5 Eylül 2009 Cumartesi

diyalektik

insanlar doğar, büyür, ölürler. bitkiler ve hayvanlar da.

düşünceler oluşur, yayılır ve yerini bir başkası alır, diğeri kadar kitleleri etkileyen.

bir nesne, daha üretilirken bozulmuş, kırılmış, tüketilmiştir.

her canlı, dünyaya gelirken özünde ölümü taşır. en genç, sağlıklı günlerinde bile.

madde durmadan kendini eskitir.

biz değişiriz, insanlar değişir, evler, sokaklar, kentler...

'hiçbir şey eskisi gibi değil'dir. bıraktığımız gibi bulamayız. bir şeyler farketmeden elimizden kayıp gider. biz o zamanki biz değilizdir.

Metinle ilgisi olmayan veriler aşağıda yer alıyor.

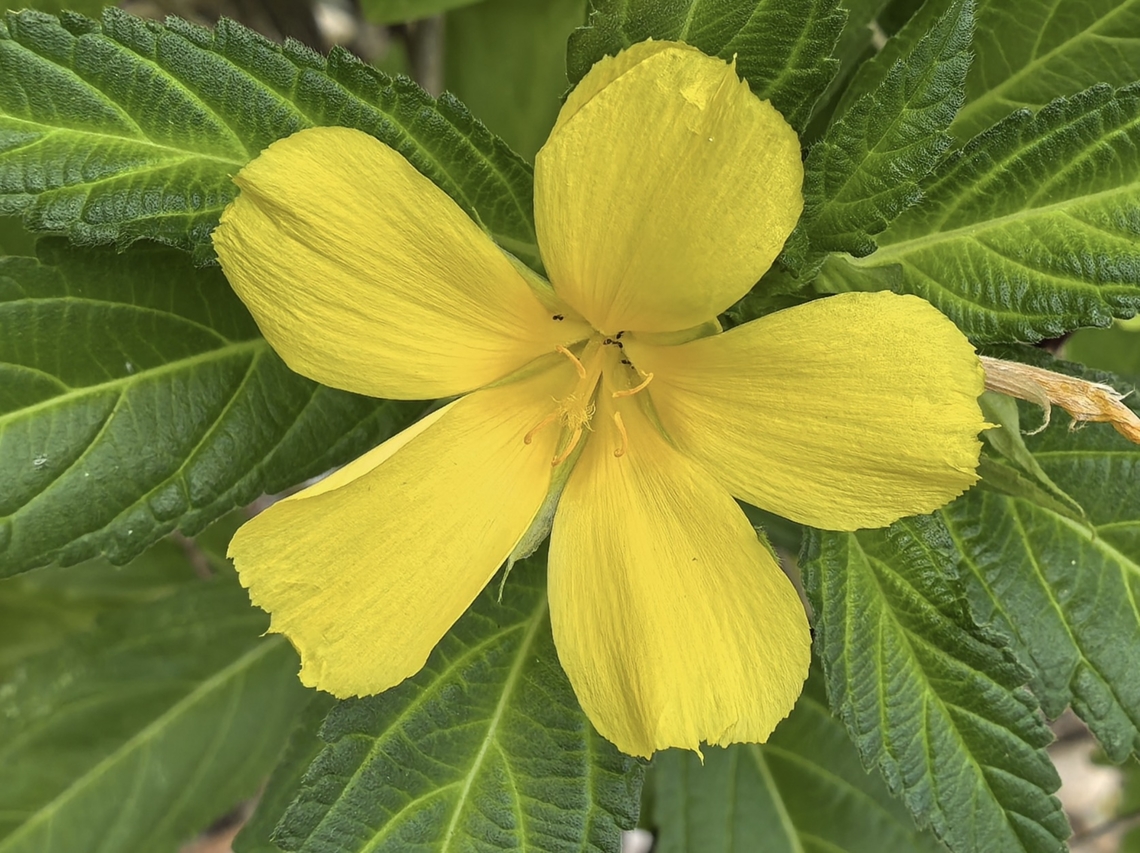 Yellow Alder - Turnera ulmifolia  Bali,Flower,Indonesia,Padangbai,Plant,Turnera ulmifolia,Yellow Alder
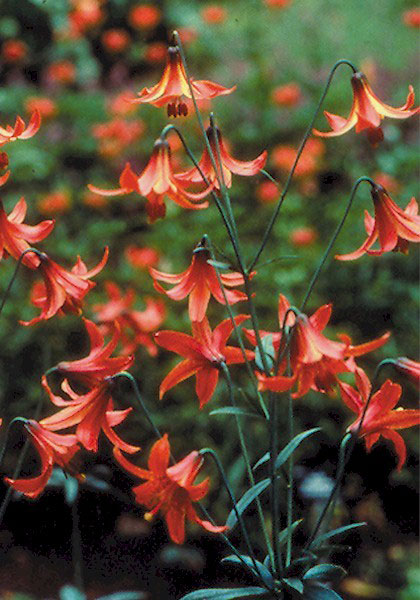 Red Meadow  lily heirloom bulbs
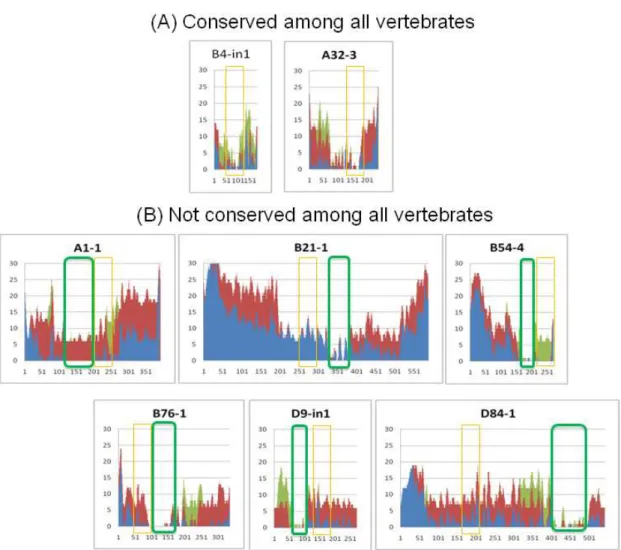 Figure 2.4: The phylogenetic footprinting analysis within chordates    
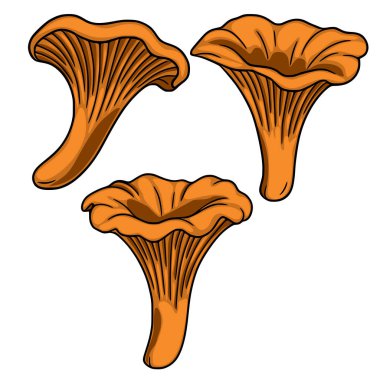Detaylı solungaçları ve pürüzsüz bir gövdesi olan canlı turuncu renkte tasvir edilen üç chanterelle mantarının vektör çizimi benzersiz huni şekillerini gözler önüne seriyor..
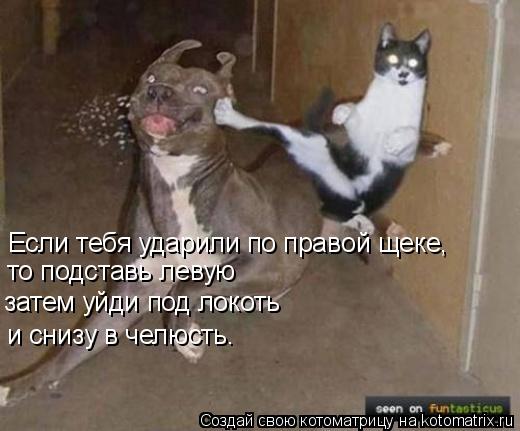 Если тебя ударили по правой щеке, то подставь левую затем уйди под локоть и снизу в челюсть.... Котоматрица: Если тебя ударили по правой щеке, то подставь левую затем уйди под локоть и снизу в челюсть.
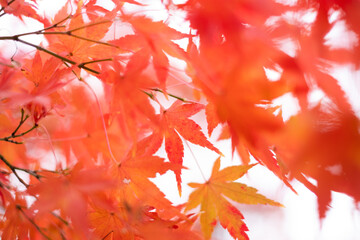 red maple leaves in autumn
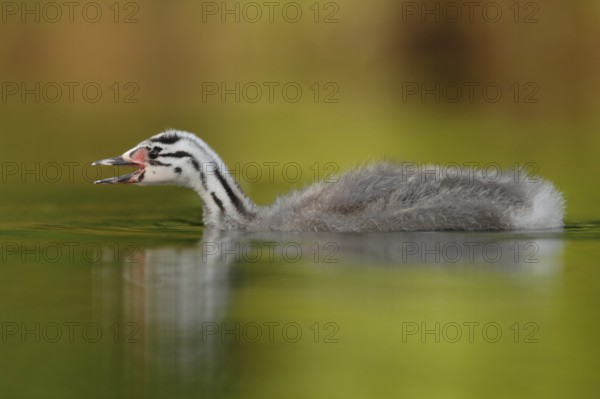 Great Crested Grebe (Podiceps cristatus) juvenile, North Rhine-Westphalia, Germany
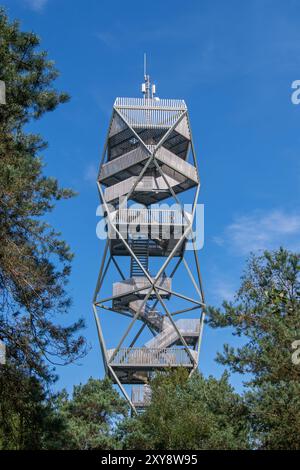 Feueraussichtsturm / Wildfeuerwachturm im Grenspark Kalmthoutse Heide / Kalmthout Heide, Naturschutzgebiet im Sommer, Flandern, Belgien Stockfoto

bugün bir dizide* yaşlı bir kızılderili söyledi : "bazılarına göre zaman, sonsuz bir çarka benzer. öyleyse bekle, senin sıran gelecektir. bazılarına göre, o bir nehirdir. öyleyse senin için çok geçtir."

uzun süredir zamanla ilgili düşünüyorum. bizden aldıkları, yarattığı boşluklar, onların yerine neleri koyduğu, getirdiklerinin ne kadar tatmin ettiği...

sanki, görünmez bir kılıcı nasıl kullandığımızla ilgili her şey. çıkış yolumuz, hayata baktığımız nokta...  yavaş yavaş sıyrıklar açabiliriz derimizde. kendimize de saplayabiliriz. varlığımızı savunmak ya da savaşmak için de kullanabiliriz.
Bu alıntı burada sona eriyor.